- _Assigned task_
Return only the stretch of the material below that begins with the line containing "Sticker Christian Quote Mountain Adventure" and ends with the line containing "Heather Gray, The", exactly; both of those lines belong to it.

- _Records for this task_
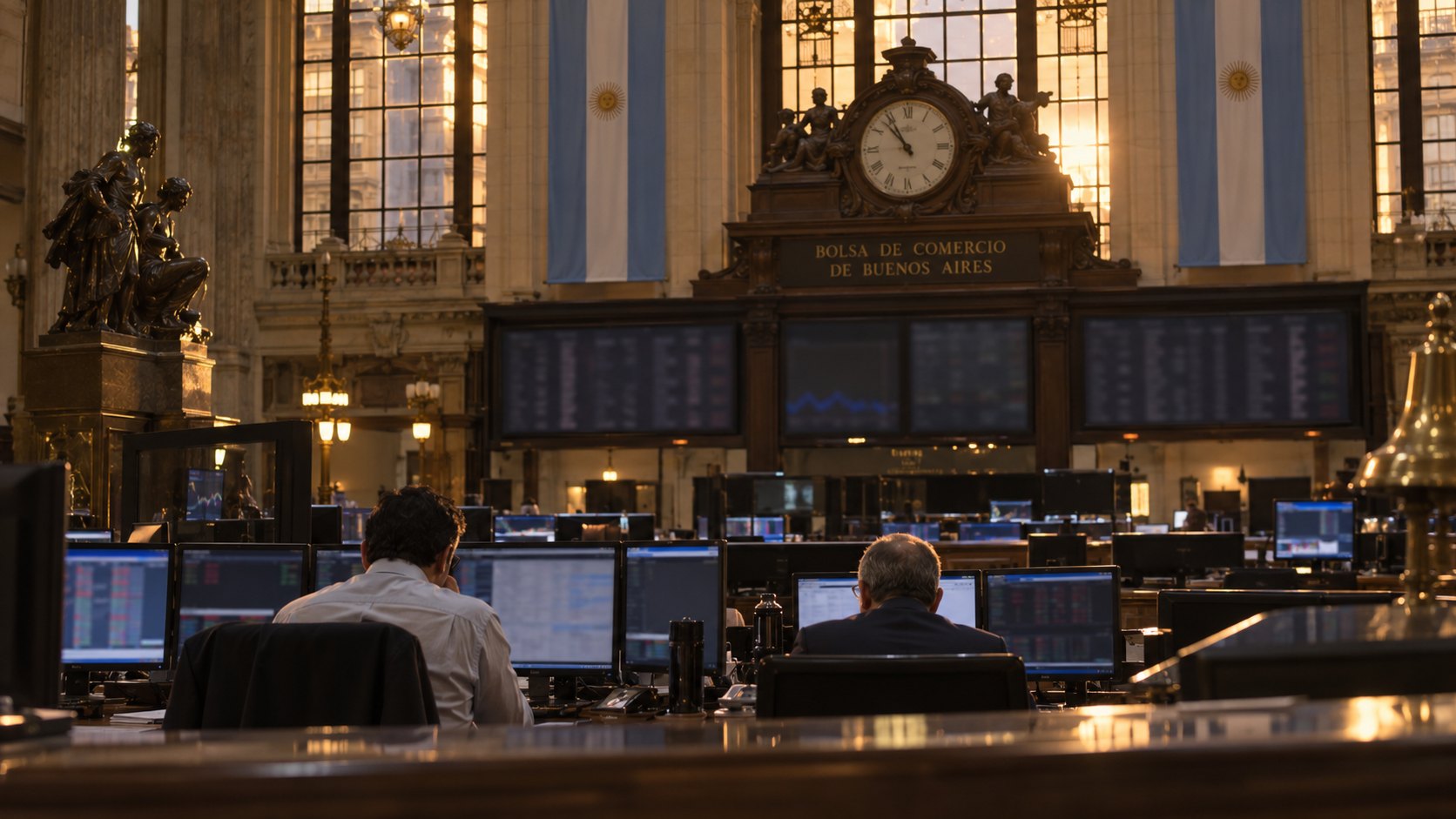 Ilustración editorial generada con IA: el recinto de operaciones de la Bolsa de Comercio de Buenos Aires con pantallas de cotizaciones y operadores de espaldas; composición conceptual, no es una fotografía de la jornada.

* * *

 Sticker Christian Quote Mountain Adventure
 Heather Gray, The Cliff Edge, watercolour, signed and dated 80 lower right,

- _Exercise answer_
 Sticker Christian Quote Mountain Adventure
 Heather Gray, The Cliff Edge, watercolour, signed and dated 80 lower right,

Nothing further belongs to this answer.